• _Supplied material_:
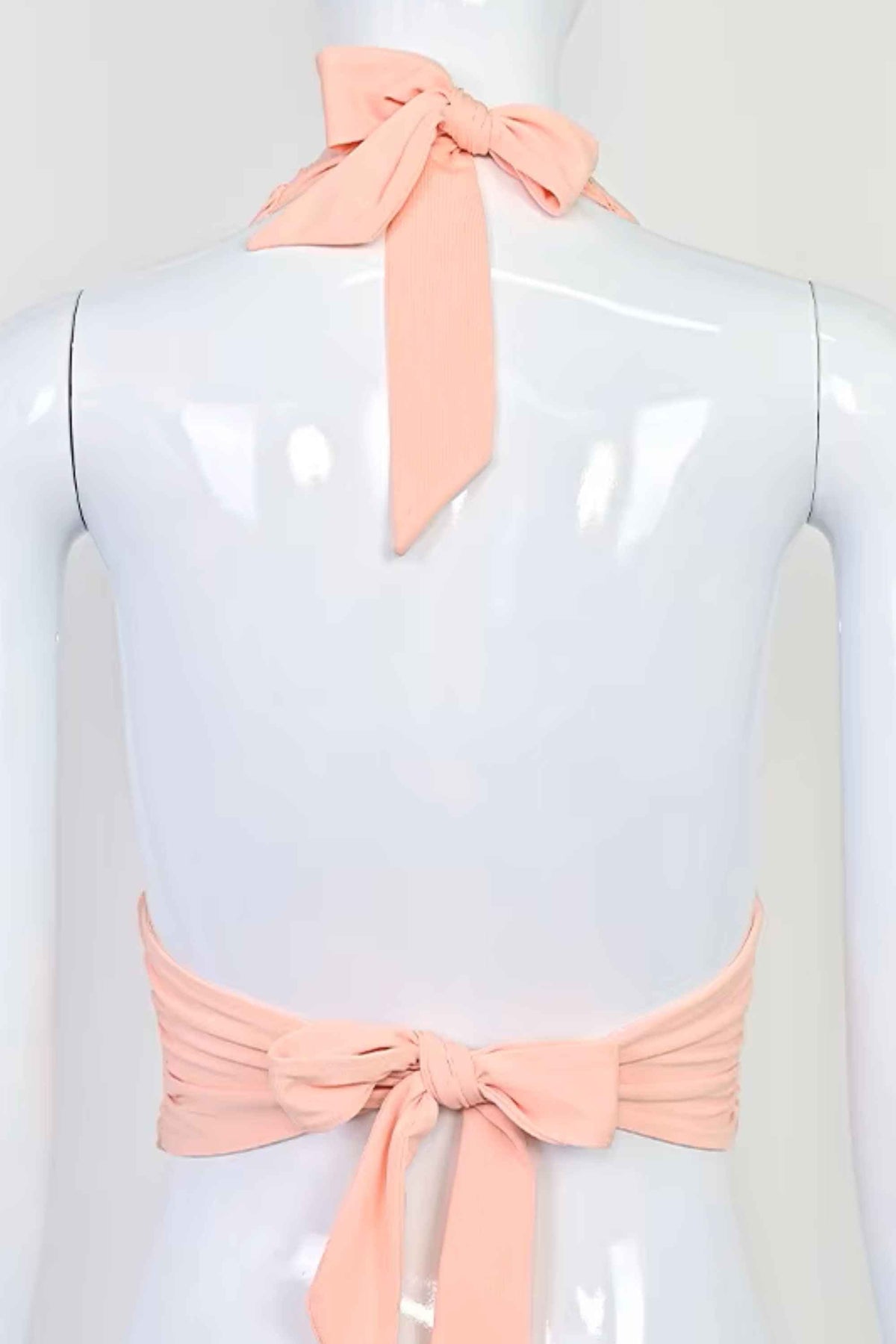 Woman wearing a figure flattering Aby Halter Top - Pink Peach Fuzz BODYCON COLLECTION Pty Ltd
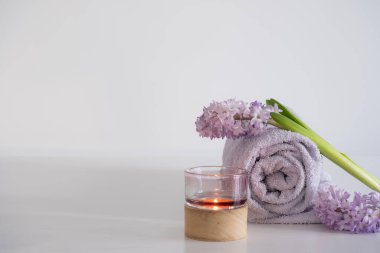Yumuşak bir lavanta havlusunun düzgünce sarıldığı, mor sümbül çiçekleri ve ahşap tabanlı cam mum tutacağıyla eşleştirilmiş lüks bir spa merkezi. Mumların sıcacık parıltısı güçlenir
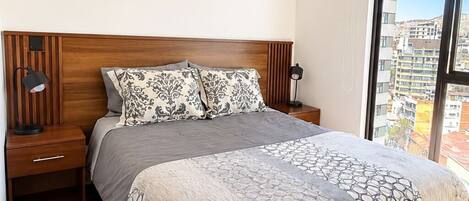 A bedroom with a wooden bed, a nightstand, a lamp, and a large window with a city view.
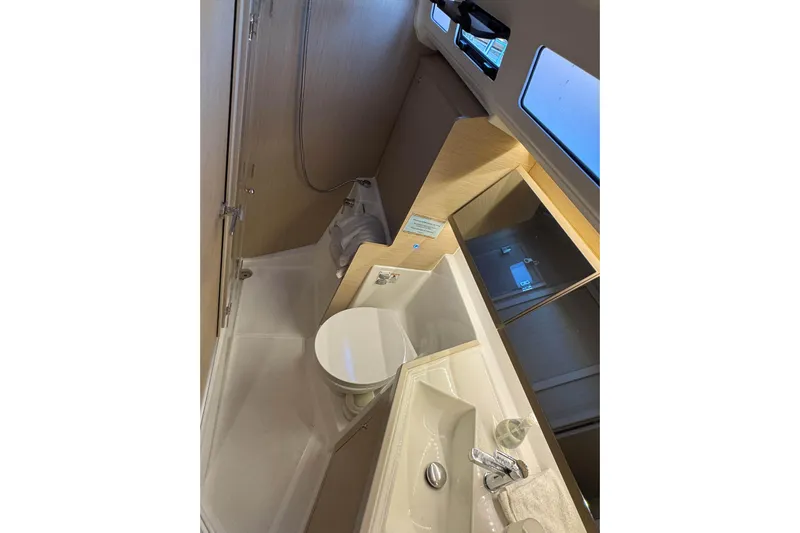 Madras Yacht Photos Pics Modern bathroom in 2022 Beneteau Oceanis 40.1 yacht, featuring sleek fixtures and ample lighting.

• _Directions_: From the data above, return exactly the lines from the one with "Yumuşak bir lavanta" up to and including the one with "A bedroom with". Pictures do not go in the copy.

• _Result for this exercise_:
Yumuşak bir lavanta havlusunun düzgünce sarıldığı, mor sümbül çiçekleri ve ahşap tabanlı cam mum tutacağıyla eşleştirilmiş lüks bir spa merkezi. Mumların sıcacık parıltısı güçlenir
 A bedroom with a wooden bed, a nightstand, a lamp, and a large window with a city view.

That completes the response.